Mit Jude Bellingham und Harry Kane retteten ein ehemaliger und ein aktueller Bundesligastar ihre Nation vor dem kollektiven, sportlichen Kollaps. Bayern-Star Kane erklärte nach dem Slowakeispiel: "Das war eines der besten Tore in der Geschichte unseres Landes." Jude habe gemacht, was "Jude eben so macht - ein unglaubliches Tor." Zu Beginn der Verlängerung war es dann der Topstürmer selbst, der mit einem Kopfball den Siegtreffer erzielte.

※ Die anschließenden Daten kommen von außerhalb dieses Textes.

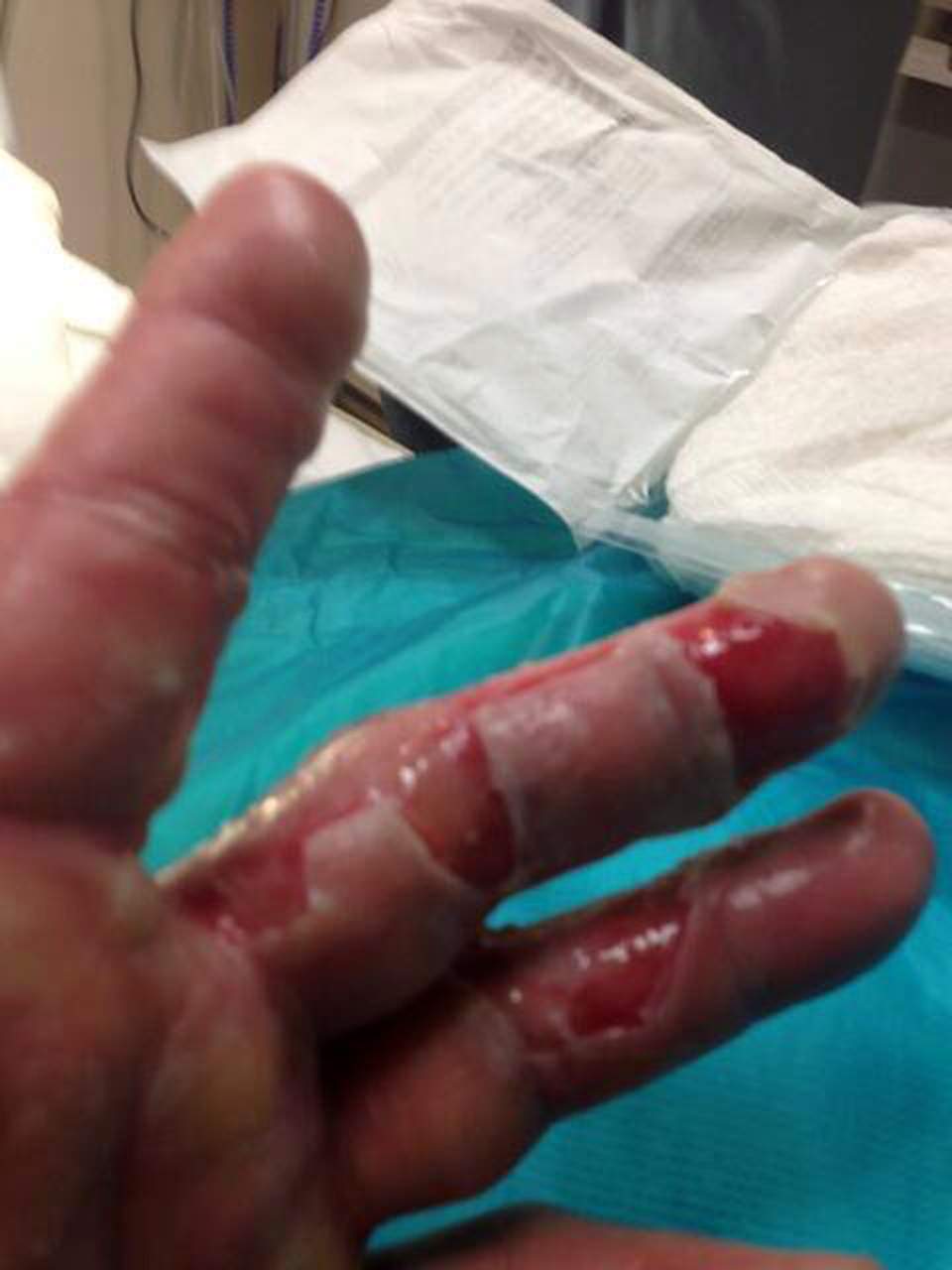 Dumnezeule, ce răni cumplite! Un star de la Hollywood şi-a distrus mâinile într-un accident: "Mi-a explodat un radiator" / Galerie foto şocantă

Es waren herausragende Einzelaktionen wie die von Bellingham, die England retteten. Das Nationalteam spielte bisher defensiv orientierten, risikoarmen Fußball. Die große Anzahl teurer Superstars im Mittelfeld und Angriff wirkte bisher orientierungs- und wirkungslos. Trainer Gareth Southgate steht dafür vor allem in der Heimat in der Kritik.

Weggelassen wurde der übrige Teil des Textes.